Diffamazione a mezzo stampa è l’ipotesi di reato in forza della quale l’ex sindaco di Santo Stefano Roero Renato Maiolo, tra gli imputati di tre processi penali conclusi nelle scorse settimane in Tribunale ad Asti col pronunciamento della sentenza di primo grado, ha deciso di passare dalla parte degli accusatori, procedendo per le vie legali contro il "Corriere della Sera".
A convincere il 75enne agricoltore in pensione a procedere in tale direzione – presentando querela presso la Procura della Repubblica di Milano, città dove il periodico viene stampato, assistito dall’avvocato albese Roberto Ponzio – i termini coi quali dalle proprie pagine, lo scorso 14 aprile, l’edizione torinese del quotidiano di via Solferino aveva dato conto della sentenza pronunciata tre giorni prima dai giudici astigiani, in quell’occasione chiamati a pronunciarsi sugli esiti dell’indagine che il Nucleo Economico Finanziario della Guardia di Finanza di Cuneo aveva battezzato Feudo 1.
Nell’articolo dal titolo "Condannato a 2 anni e 11 mesi l’ex sindaco di Santo Stefano Roero" si leggeva che Maiolo era stato "giudicato responsabile di peculato, turbativa d’asta e falso" e che era "considerato il regista di un sistema che ha depauperato le casse del Comune tra il 2016 e 2020".

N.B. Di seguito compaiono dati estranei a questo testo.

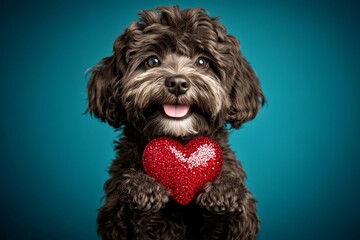 Portuguese water dog - my preferred dog. Cute portuguese water dog with sparkling rhinestones red heart - sign of love, funny greeting card. Ad visual idea creative layout. Love animals.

Una ricostruzione che ha provocato la protesta dell’ex amministratore, nell'assunto che avrebbe indotto il lettore a ritenere che tali illeciti abbiano trovato conferma nel provvedimento dei giudici astigiani e che il disavanzo nelle casse comunali, al centro dell’inchiesta delle Fiamme Gialle, fosse effettivamente attribuibile a lui. Le tesi insomma portate avanti dalla Procura e in particolare dal pubblico ministero Davide Lucignani, ma che non avevano infine convinto i giudici del collegio presieduto da Alberto Giannone. Come i lettori ricorderanno (leggi qui), infatti, Maiolo era stato sì condannato, ma relativamente a soltanto alcuni capi di imputazione per i quali era stato rinviato a giudizio. Ovvero quelli riguardanti il falso in atto pubblico. L’ex amministratore comunale, alla guida del Municipio roerino dal 2004 al 2019, era stato invece scagionato dalle accuse relative alla truffa aggravata, al peculato e alla turbativa d’asta.

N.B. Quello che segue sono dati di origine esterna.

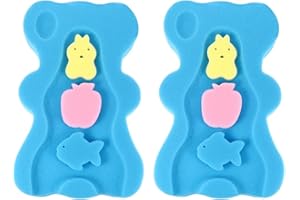 ibasenice 2pcs Baby Bath Mat Sponge Baby Bath Sponge Infant Bath Cushion Baby Bath Cushion Bathroom Mats Skin-friendly Bath Mat Infant Floating Bath Cushion Bathing Mat Aid Bathtub Pad Soft
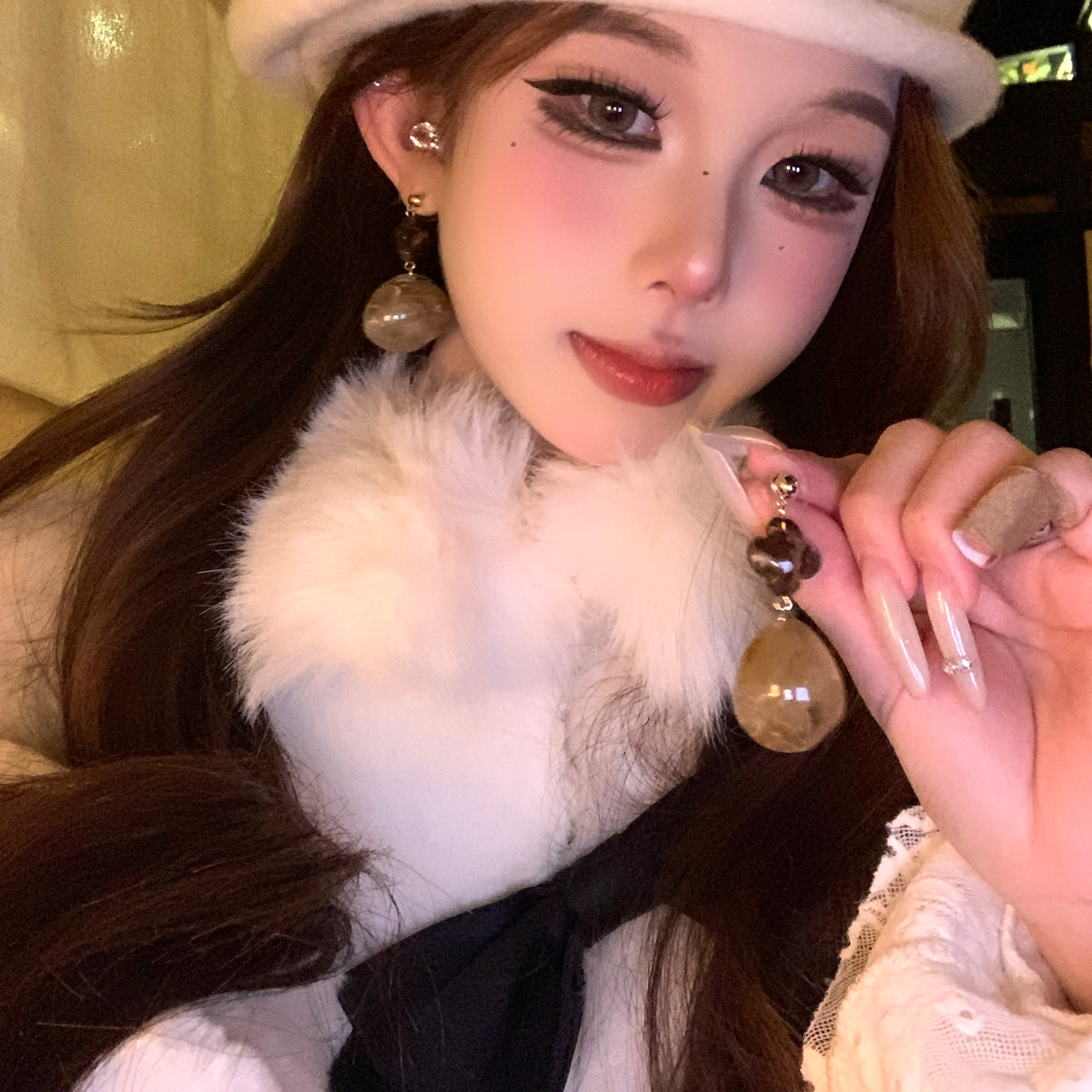 娟姨 铜合金树脂耳饰 复古美拉德高级感晕染耳环小众设计气质时尚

"La cronaca del quotidiano – sostiene l’avvocato Roberto Ponzio – non è fedele al provvedimento e anzi lo stravolge sotto diversi profili. Attribuire a Maiolo condanna per peculato è affermazione diffamatoria perché in contrasto con la verità dei fatti. Da sempre ha respinto l’accusa di appropriazione. Il Tribunale di Asti ha confermato l’assunto difensivo perché 'il fatto non sussiste’, in merito a quelle accuse, prosciogliendolo con formula assolutoria più ampia".
Prima della condanna ora oggetto della querela da parte dell’ex sindaco, sempre in primo grado Maiolo era stato assolto dalle accuse formulate nei suoi confronti nel processo nato dal secondo filone dell’inchiesta Feudo, insieme a tutti i dodici imputati (leggi qui) mentre era stato condannato a due di reclusione per i maltrattamenti denunciati da una ex dipendente dello stesso Comune (leggi qui).